Start of Material provided

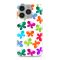 Futrola ultra tanki print providna za iPhone 14 Pro (6.1) ND0266 (MS).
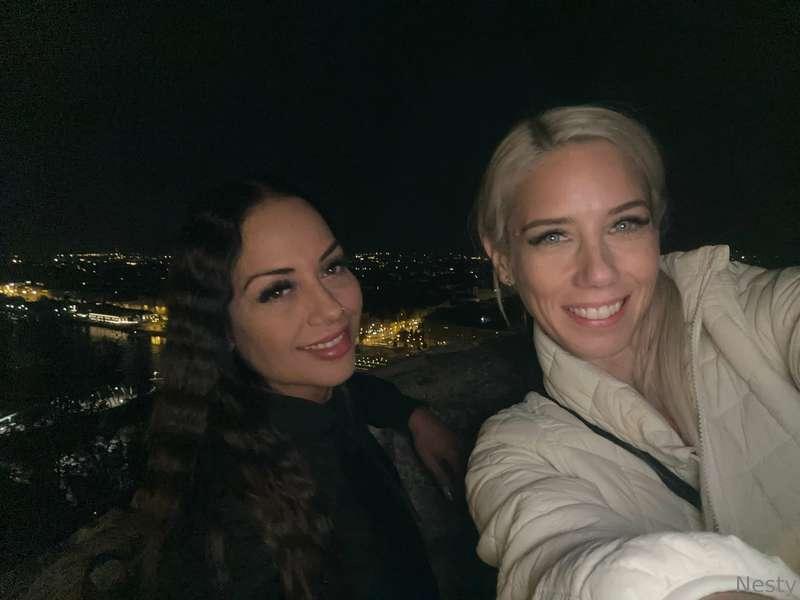 At the Citadel with @nomimeloneofficial1 😍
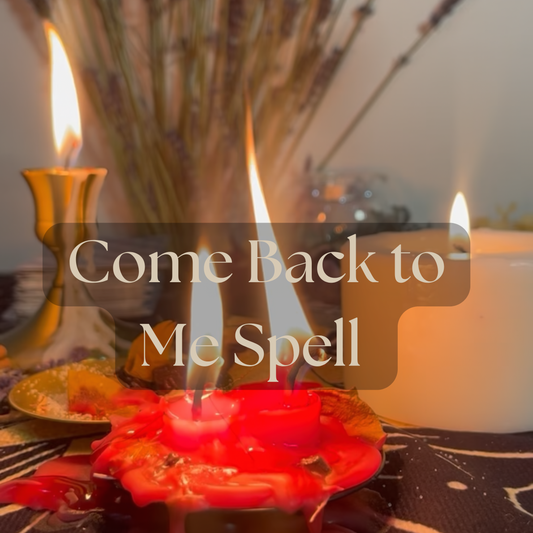 Come Back to Me Spell – Reopen the Heart ❤️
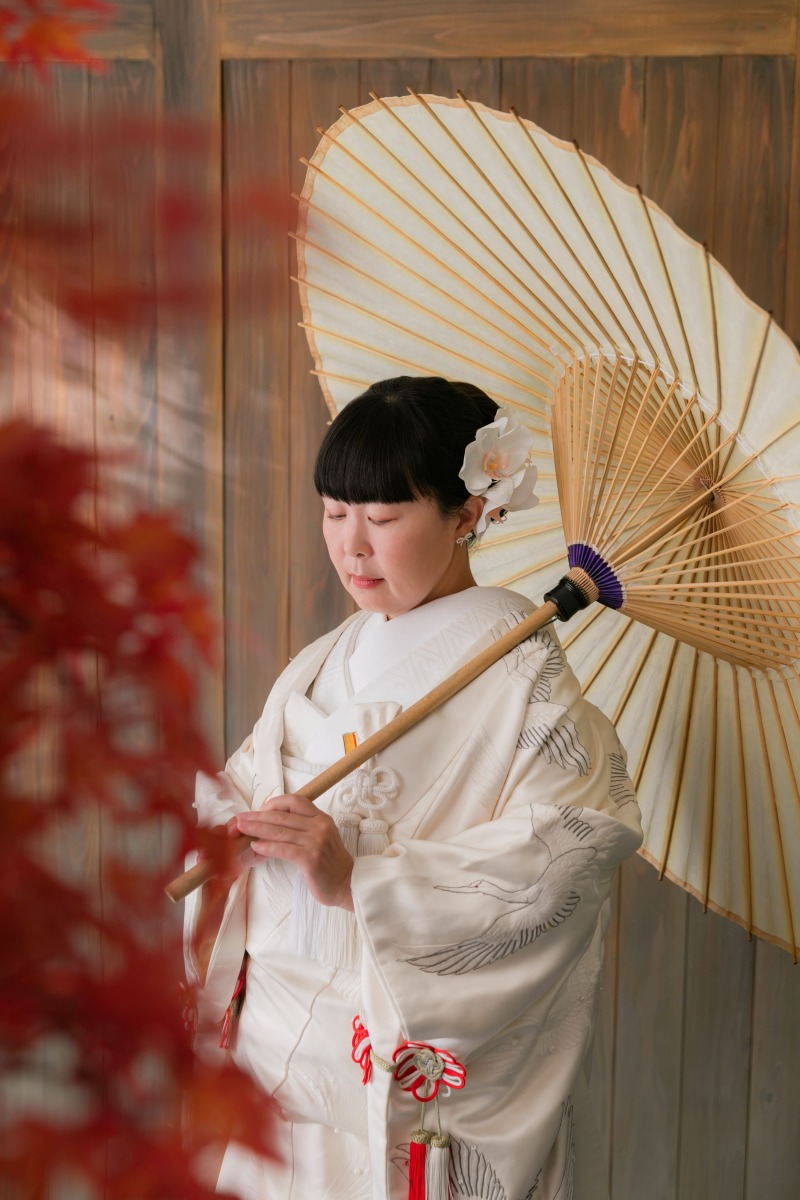 新婦様のソロカット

End of Material provided

Copy only the lines running from the one that holds "Come Back to Me Spell – Reopen the Heart ❤️" through the last line of the data, and include both of those lines. Do not copy any pictures.

◆ **Solution for this exercise**
 Come Back to Me Spell – Reopen the Heart ❤️
 新婦様のソロカット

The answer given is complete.